Combining the pomodoro method with Pavlovian positive reinforcement and the MUSE headband brainwave tracking we made a system that tracks how well you're focusing over a period of time. The study period involves 25 minutes of work, and 5 minutes of break, on a successful break the robot will dispense a candy to encourage the user! To make the app more user friendly we designed a non-threatening character, "Charles" to keep you going and cheer you on! At the end of your study session, a graph of your brain wave activity over your study period is displayed so you can figure out what worked for you during your study session and what didn't.

How we built it

Using python tkinter we made a gui that shows the image of the character during different phases, working, pausing, and resting (for breaks). Using the existing MUSE jdk to access and record data streamed from MUSE into matlab and we plotted the data using a python script using scipy and matplotlib, to show the brain activity of the user over time. The robot was built using cardboard and plastic bottles we found around the hackathon! We constructed in the robot a lever system that mimics that of old fashioned Amish m&m "machines" but motorized with a microservo, and powered by the arduino. The python tells the arduino when to drop candy through serial, and then the arduino moves the servo to two predefined locations. At the end of the session the graph of brain activity is shown in a different window

Challenges we ran into

We started with doing an android app but discovered we might not be able to communicate from the computer for the arduino to run to the phone, because of limitations on UMBC's wifi network, so we switched to a gui python app. Then muse had some problems with their SDK not being completely available for PC version, so we had to scavenge on the internet for a different solution, eventually, downloading an earlier version of the sdk from google's archives worked. We also had some mechanical problems with converting rotational movement from the servo into horizontal movement for the drawer like system, so he turned out much bigger than we thought he would be and his design varied from what we originally wanted, which was a physical version of the images we made, into a different dude, which is fine because it just means that instead of one friend, you have two! (But in the future we would like him to look like the image!

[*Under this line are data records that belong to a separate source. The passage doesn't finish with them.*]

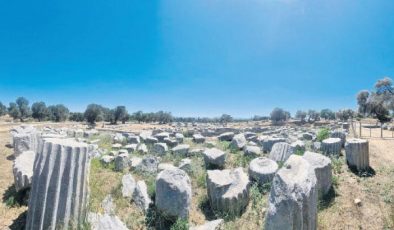 Teos’tan açılan zaman tüneli
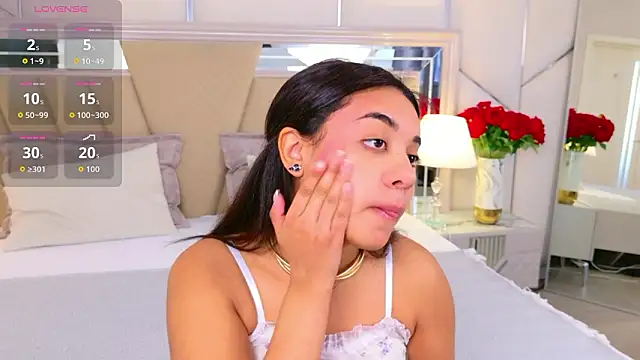 Luna Cortier online show from 11, 3, 2026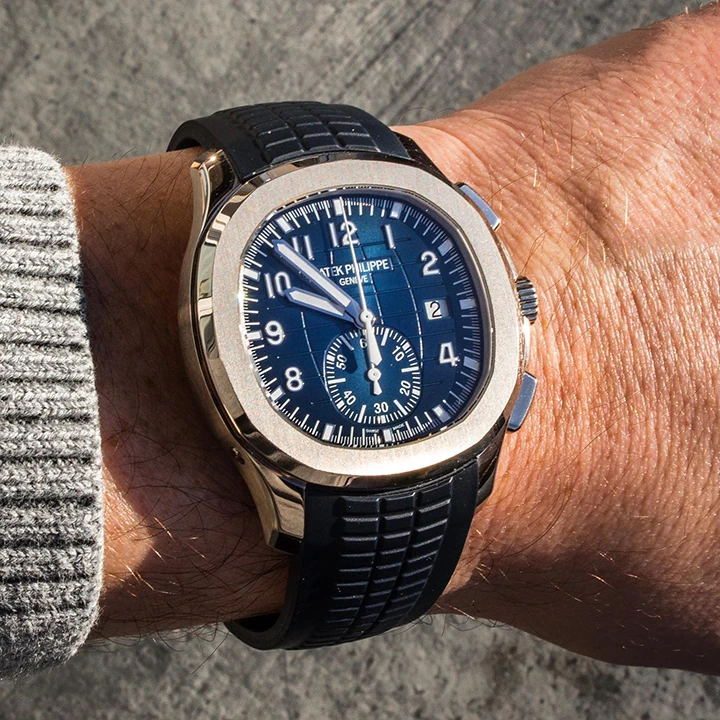Aquanaut Chronograph 5968G — supplier listing photo of this configuration, view 7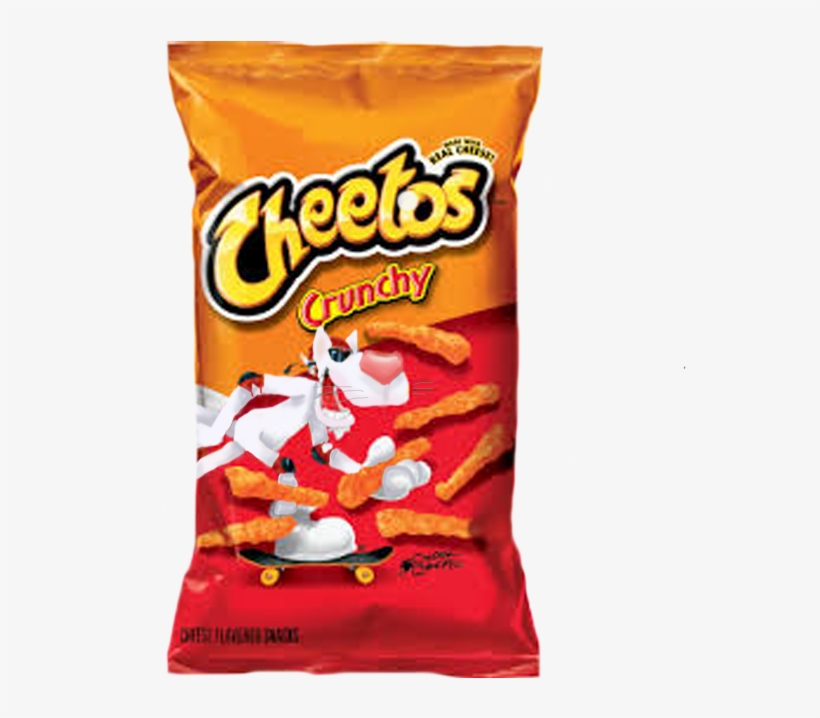 Keto Cheeto Edit Yayayaya - Cheetos Crunchy Cheese, transparent png download
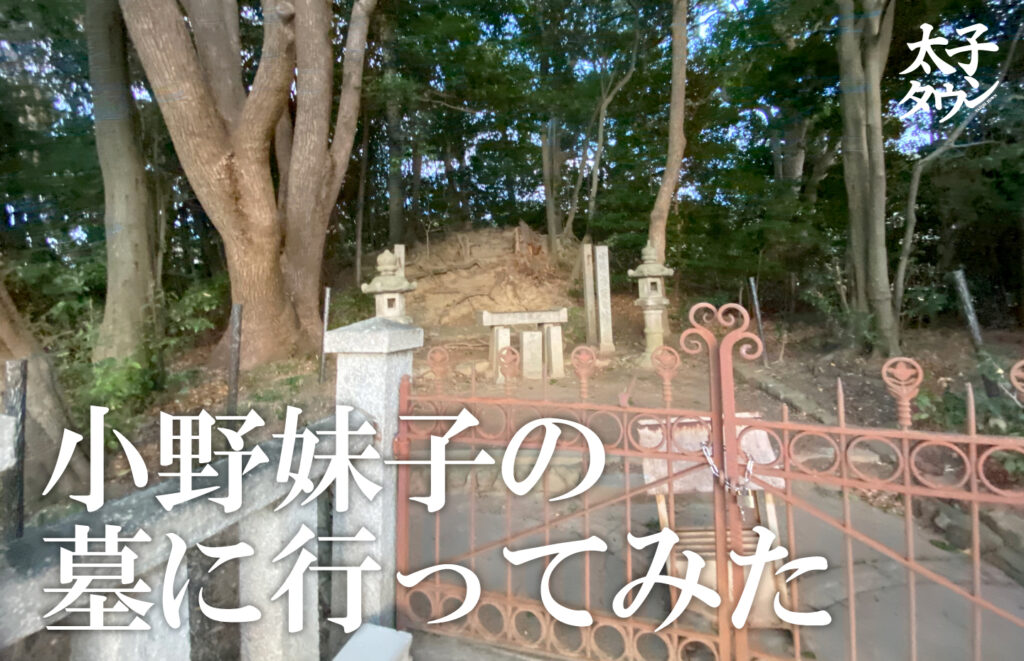 【太子町山田】小野妹子の墓に行ってみた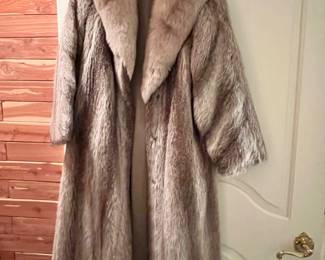 York Furrier full length coat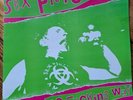 Sex Pistols No Fucking Way Orange Vinyl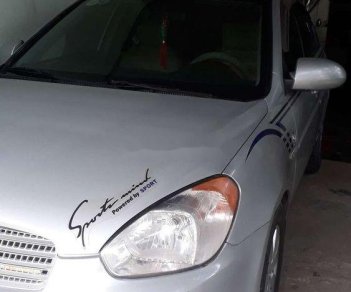 Hyundai Accent   2009 - Bán xe Hyundai Accent năm 2009, màu bạc, nhập khẩu  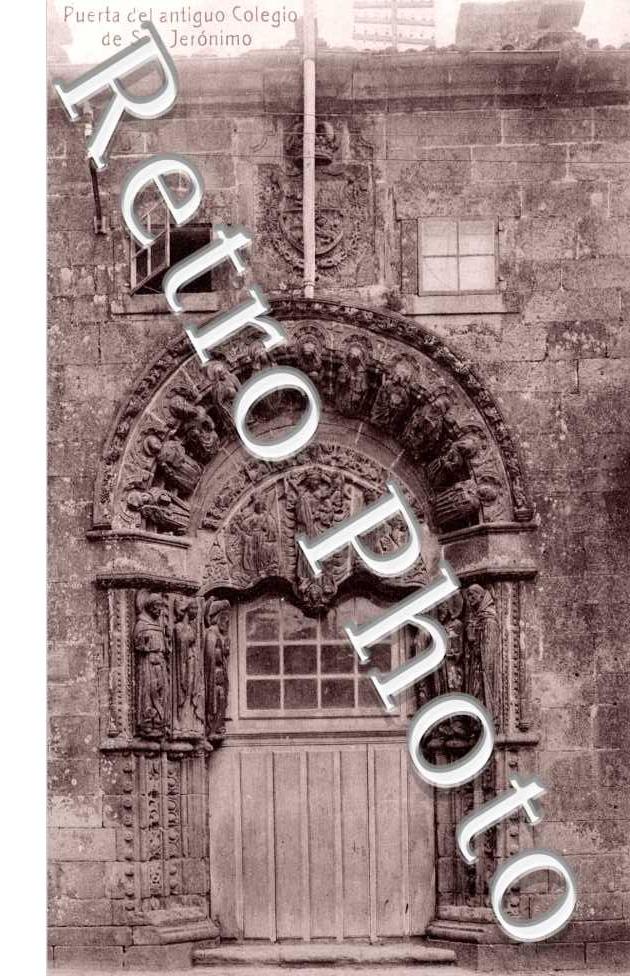 puerta del antiguo colegio de San Jeronimo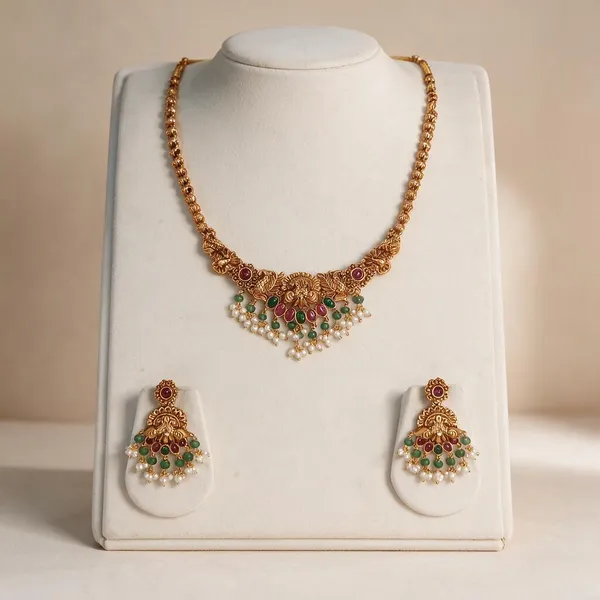 Royal_Traditional_Bead-Drop_Jewellery_Set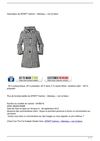 APART Fashion – Manteau – noir et blanc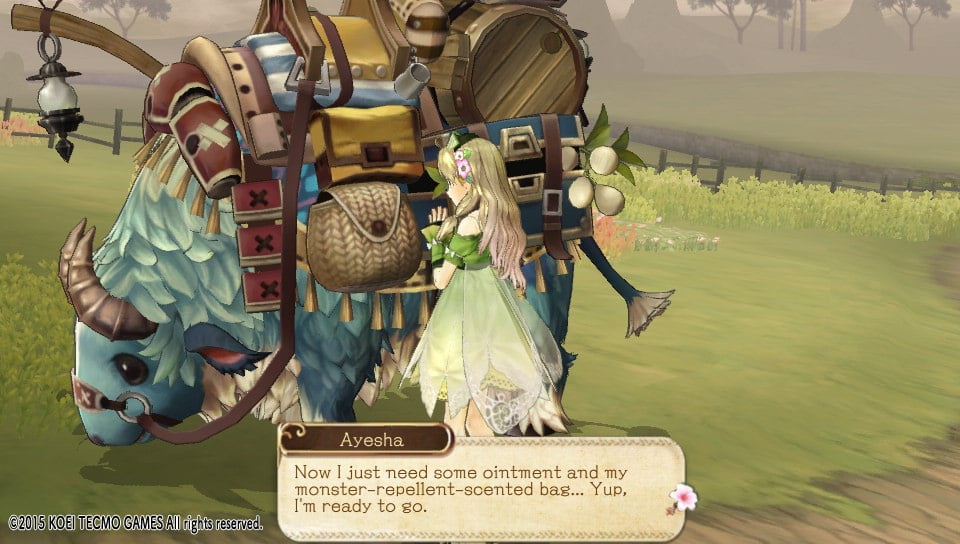 Atelier Ayesha, Ladiesgamers.com, Pana, Koei Tecmo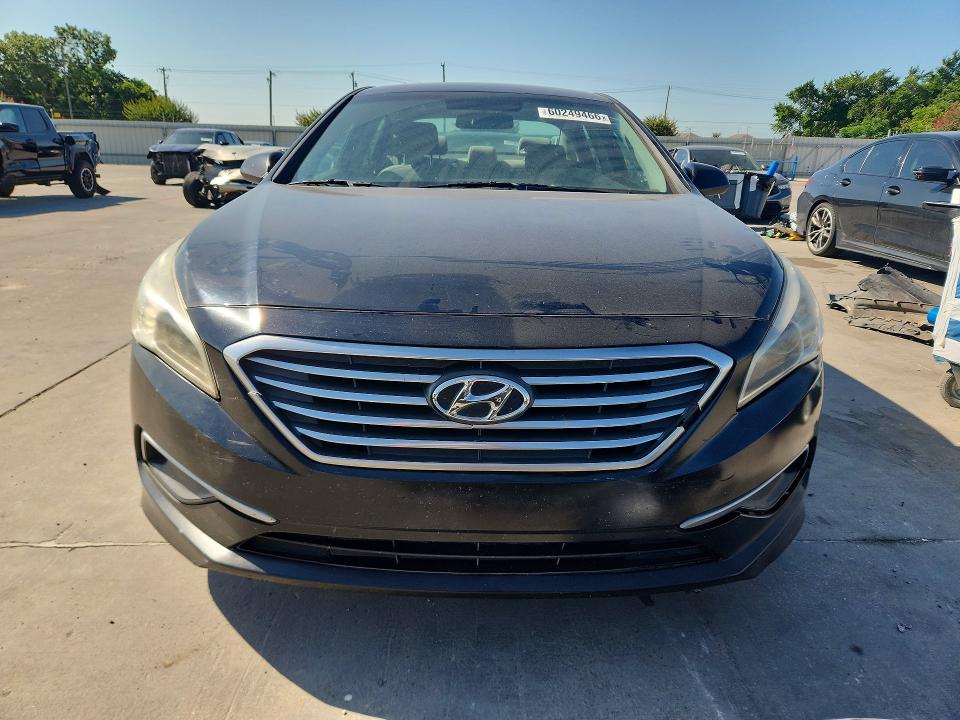Снимка 5 от търг – 2017 HYUNDAI SONATA с VIN 5NPE24AF6HH469327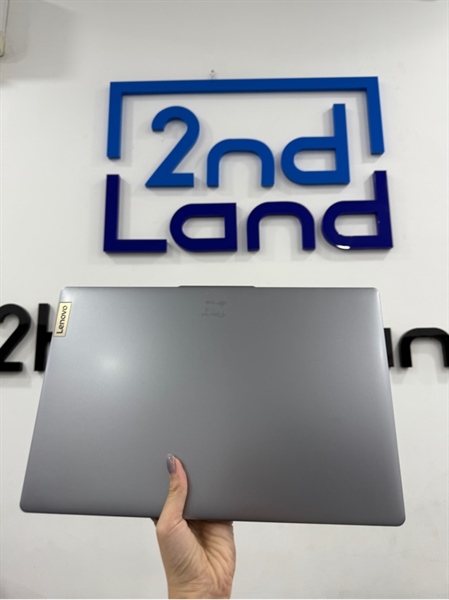 Laptop Lenovo Ideapad Slim 3 82XQ - Ryzen 5 7520U - 16/512GB - Màu xám - Pin 100% - Ngoại hình 97% - Màn tối nhẹ góc - Kèm sạc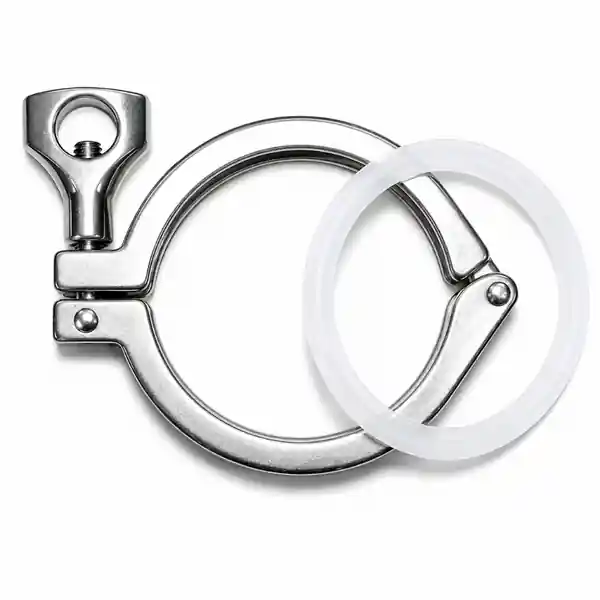 Stainless Bros 3.0in Stainless Steel Fit Up clamp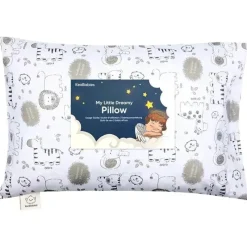 Keababies Pillows & Head Support*- 13X18 Toddler Pillow With Pillowcase, Keasafari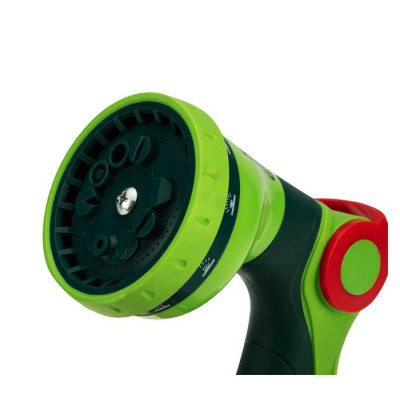 Зрошувач Verto пістолетний, 1/2&quot;-3/4&quot;, 10 функцій (15G717) Вінниця - фото 1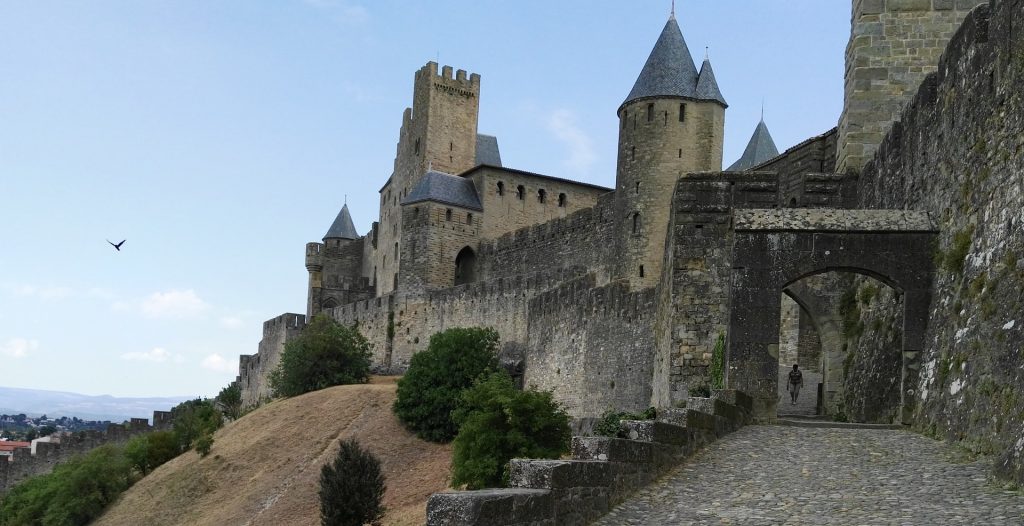 Carcassonne Languedoc Provence France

Accomplishments that we're proud of

The python gui is multithreaded to work more efficiently and the drawer system works with multiple candies in the system (as it should), also because we weren't even sure if we could get data from the muse, we are very happy that we got the muse to give us data :)

What we learned

We learned how to work with python TK in a way that updates the timer every second for countdown, how to use the MUSE's data collection software to get data from the head sensor, and when to give up when the UMBC wifi just sucks at giving a reliable ip.

What's next for STUDI-BOT

We would like for it to have a smaller more efficient physical interface, one that isn't as... clunky (and looks like the original concept), and it would be cool if we could get real time data to alert the user when they aren't paying attention to their task, which would require more time with the muse and a fair amount of data collection and machine learning.